■ Directions
Print each record below precisely, with every picture left out of the copy.

Saved data entries:
>>>

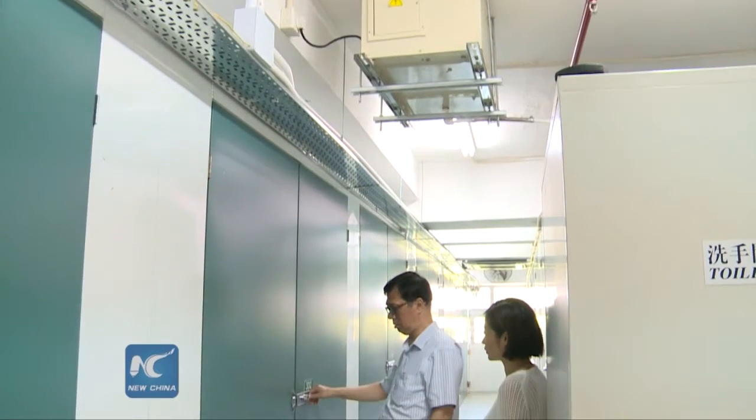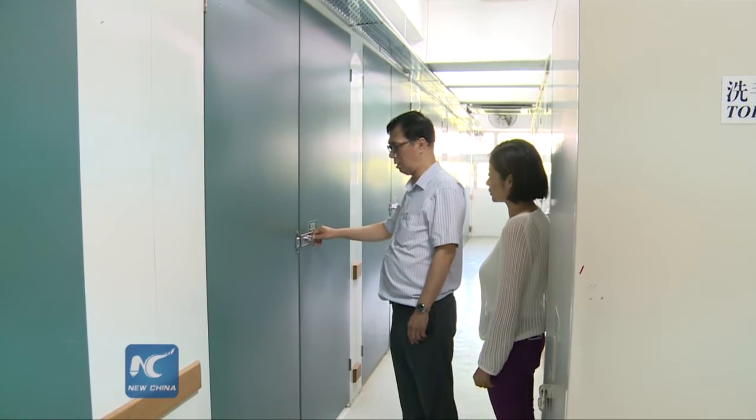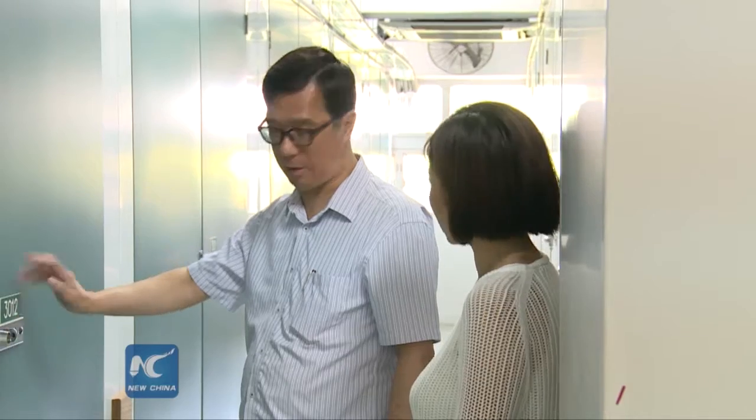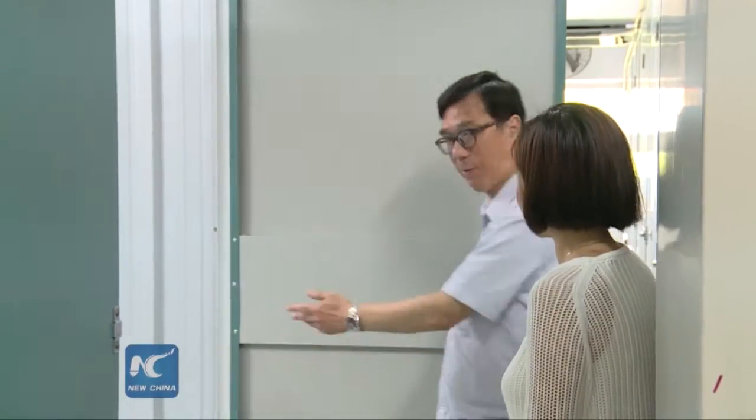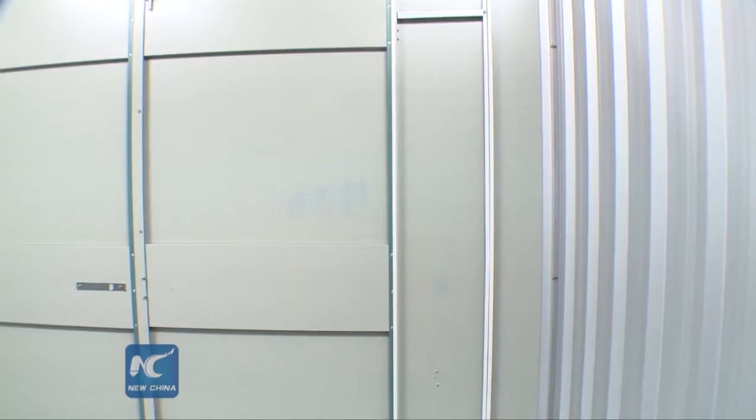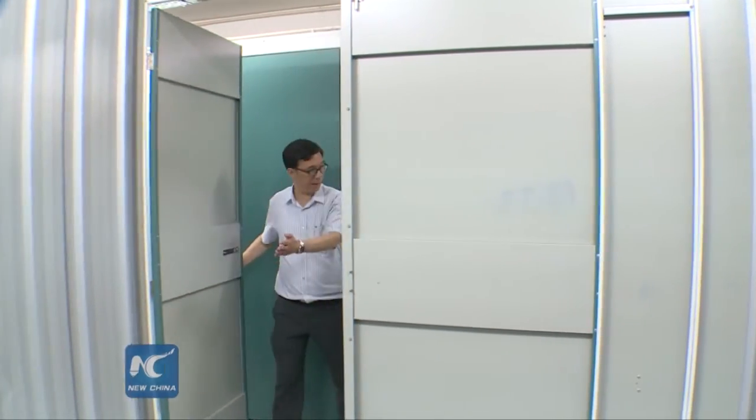Henry Chen, a mini-storage runner, has been devoted to the industry for 11 years, owning several mini-storage units in three traditional industrial districts in Hong Kong, with sizes ranging from 2 m² to 12 m² for lease.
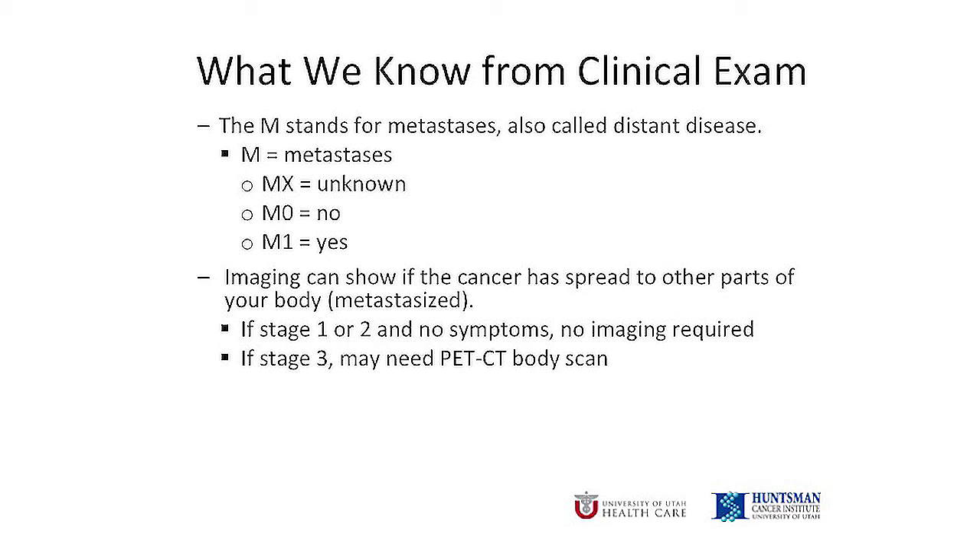The last part of staging is M, which stands for metastasis. A metastasis is cancer that has spread from the breast to other parts of your body. If you have an early stage cancer, the likelihood this has happened is very, very low, so we don't do any special tests to check. If you have a later stage cancer, your surgeon may recommend a special scan to check for cancer in other parts of your body.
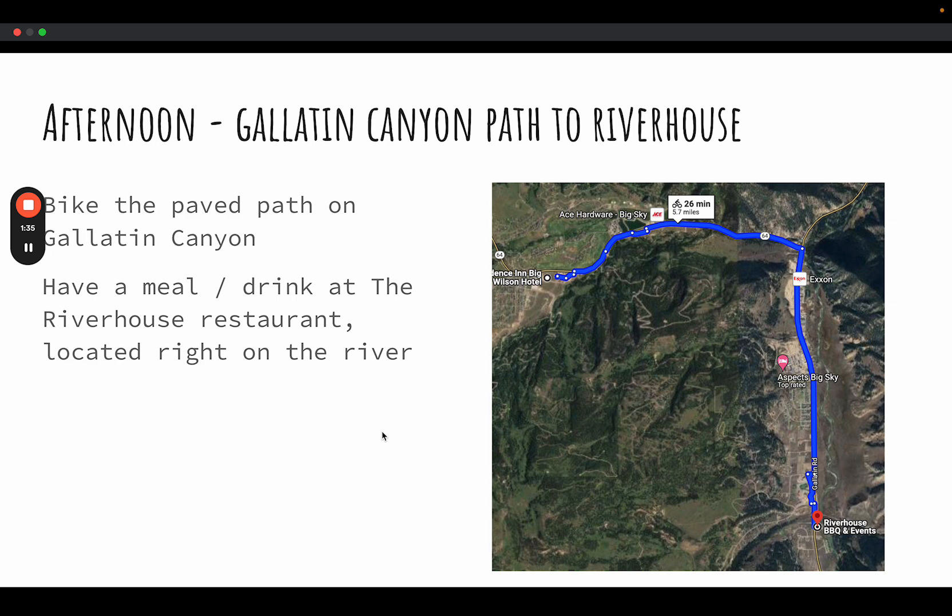In the afternoon or as a separate trip, you can also bike from the same area as the bike shop down to the River House barbecue and event space, right on the river, which has live music, a great restaurant, and lots of places to eat, drink, and explore. This route is along a bike path with much less elevation and climbing, about 5.7 miles each way — just under 12 miles for this ride.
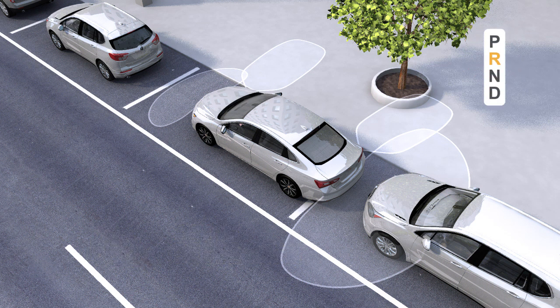When changing gears, allow the automatic steering to complete before continuing the parking maneuver.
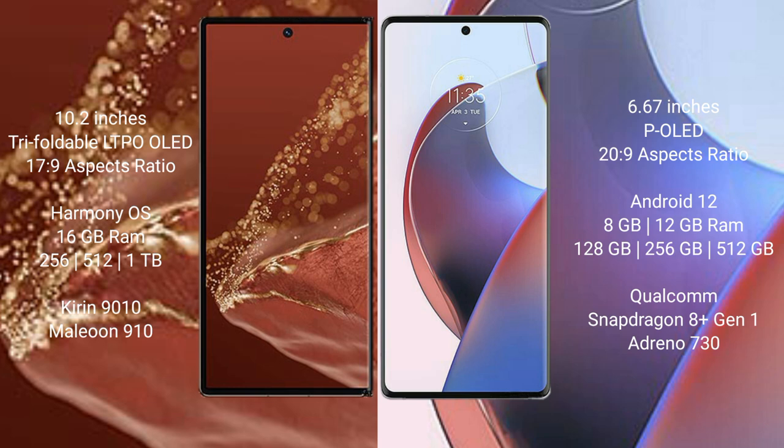The Huawei Mate XT Ultimate runs on the HarmonyOS operating system, while the Motorola S30 Ultra runs on Android 12.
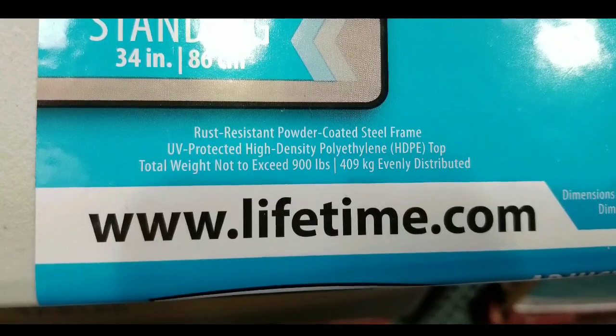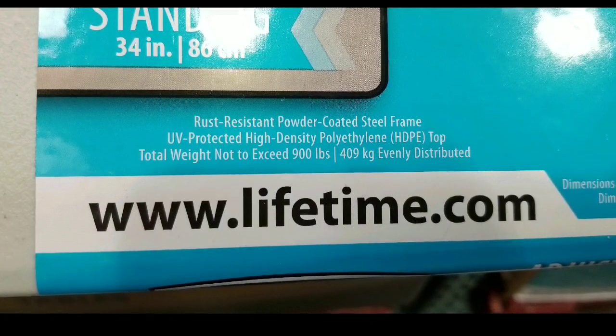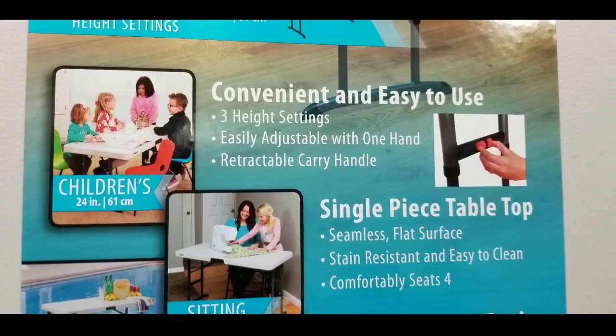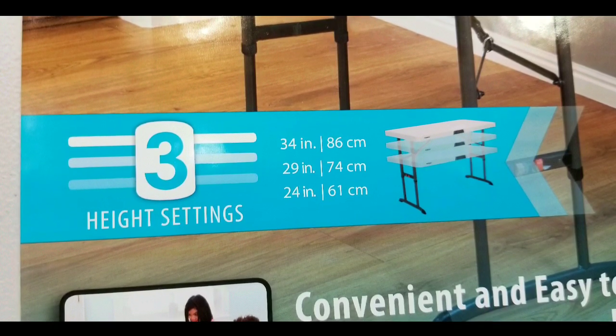Folded, it's basically the same footprint as the top, so it won't get any smaller. It's UV protected, and the total weight capacity should not exceed 900 pounds, which is pretty cool — so I guess it's commercial grade. Very cool stuff in terms of that, and I'll leave a few links below.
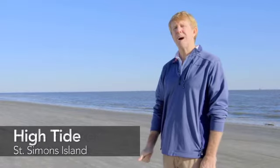Hi, I'm Mike from Banker Real Estate. Today we're on St. Simons Island. We're about five blocks from the village. We're overlooking Jekyll Island and we're here to talk about High Tide.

<<<

■ Task solution
Henry Chen, a mini-storage runner, has been devoted to the industry for 11 years, owning several mini-storage units in three traditional industrial districts in Hong Kong, with sizes ranging from 2 m² to 12 m² for lease.
The last part of staging is M, which stands for metastasis. A metastasis is cancer that has spread from the breast to other parts of your body. If you have an early stage cancer, the likelihood this has happened is very, very low, so we don't do any special tests to check. If you have a later stage cancer, your surgeon may recommend a special scan to check for cancer in other parts of your body.
In the afternoon or as a separate trip, you can also bike from the same area as the bike shop down to the River House barbecue and event space, right on the river, which has live music, a great restaurant, and lots of places to eat, drink, and explore. This route is along a bike path with much less elevation and climbing, about 5.7 miles each way — just under 12 miles for this ride.
When changing gears, allow the automatic steering to complete before continuing the parking maneuver.
The Huawei Mate XT Ultimate runs on the HarmonyOS operating system, while the Motorola S30 Ultra runs on Android 12.
Folded, it's basically the same footprint as the top, so it won't get any smaller. It's UV protected, and the total weight capacity should not exceed 900 pounds, which is pretty cool — so I guess it's commercial grade. Very cool stuff in terms of that, and I'll leave a few links below.
Hi, I'm Mike from Banker Real Estate. Today we're on St. Simons Island. We're about five blocks from the village. We're overlooking Jekyll Island and we're here to talk about High Tide.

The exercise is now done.